> [Entries provided]:
▬▬▬▬▬▬

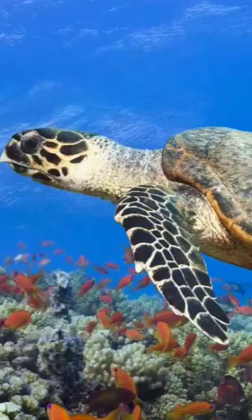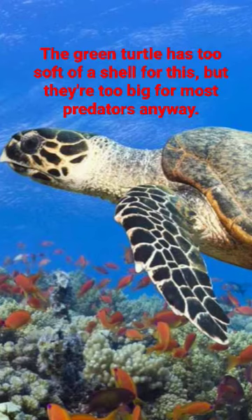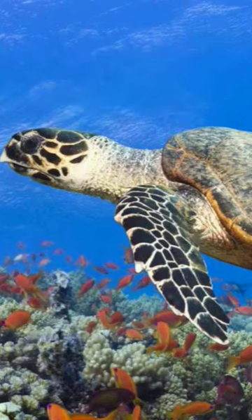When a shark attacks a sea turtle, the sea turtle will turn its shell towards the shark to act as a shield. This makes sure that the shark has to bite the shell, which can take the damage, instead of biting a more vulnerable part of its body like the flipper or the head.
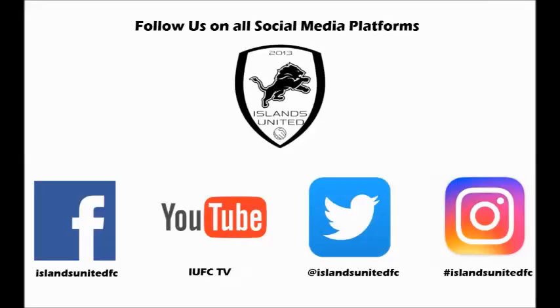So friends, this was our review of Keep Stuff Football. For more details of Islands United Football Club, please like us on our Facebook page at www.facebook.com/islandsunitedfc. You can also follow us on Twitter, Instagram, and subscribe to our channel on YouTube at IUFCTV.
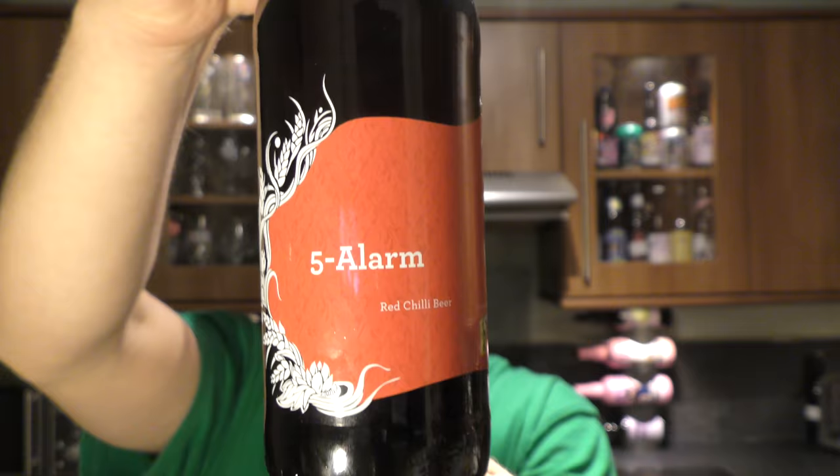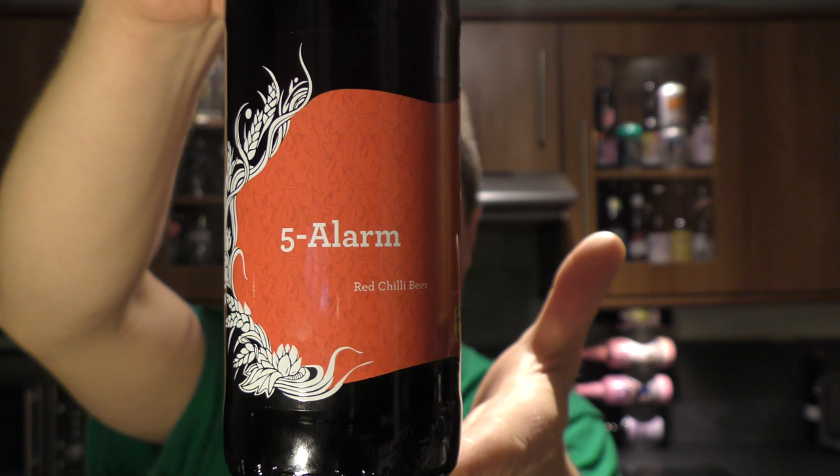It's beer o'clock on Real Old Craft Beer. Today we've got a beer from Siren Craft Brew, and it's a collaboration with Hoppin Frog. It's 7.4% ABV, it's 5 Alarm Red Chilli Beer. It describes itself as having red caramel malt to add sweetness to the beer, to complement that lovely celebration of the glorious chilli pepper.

▬▬▬▬▬▬

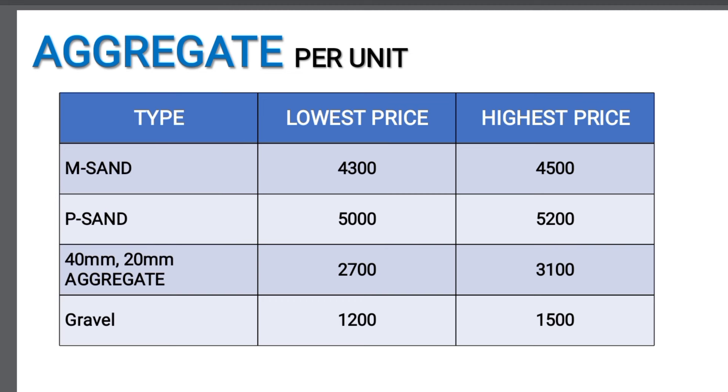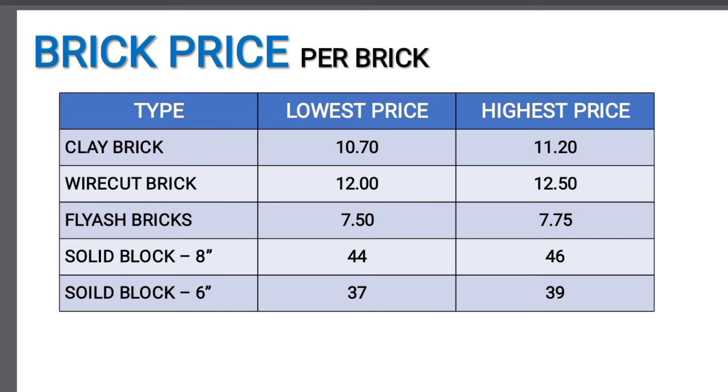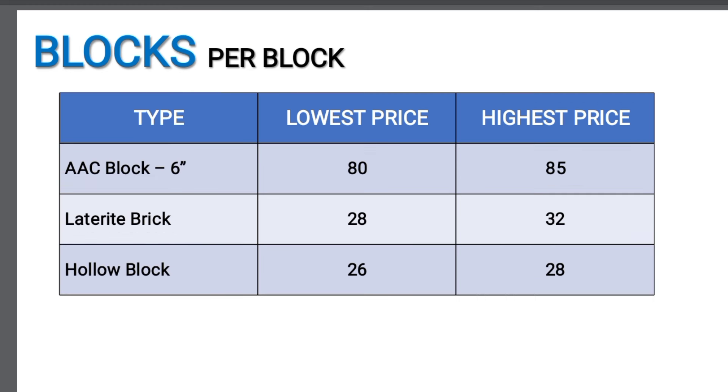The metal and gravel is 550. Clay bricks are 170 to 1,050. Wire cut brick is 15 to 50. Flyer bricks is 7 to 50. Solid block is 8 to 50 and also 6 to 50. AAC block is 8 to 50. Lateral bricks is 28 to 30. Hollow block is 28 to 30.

▬▬▬▬▬▬

> [Activity]:
Reproduce exactly, with no pictures, the lines above from the one holding "When a shark" to the one holding "It's beer o'clock", inclusive.

> [Exercise result]:
When a shark attacks a sea turtle, the sea turtle will turn its shell towards the shark to act as a shield. This makes sure that the shark has to bite the shell, which can take the damage, instead of biting a more vulnerable part of its body like the flipper or the head.
So friends, this was our review of Keep Stuff Football. For more details of Islands United Football Club, please like us on our Facebook page at www.facebook.com/islandsunitedfc. You can also follow us on Twitter, Instagram, and subscribe to our channel on YouTube at IUFCTV.
It's beer o'clock on Real Old Craft Beer. Today we've got a beer from Siren Craft Brew, and it's a collaboration with Hoppin Frog. It's 7.4% ABV, it's 5 Alarm Red Chilli Beer. It describes itself as having red caramel malt to add sweetness to the beer, to complement that lovely celebration of the glorious chilli pepper.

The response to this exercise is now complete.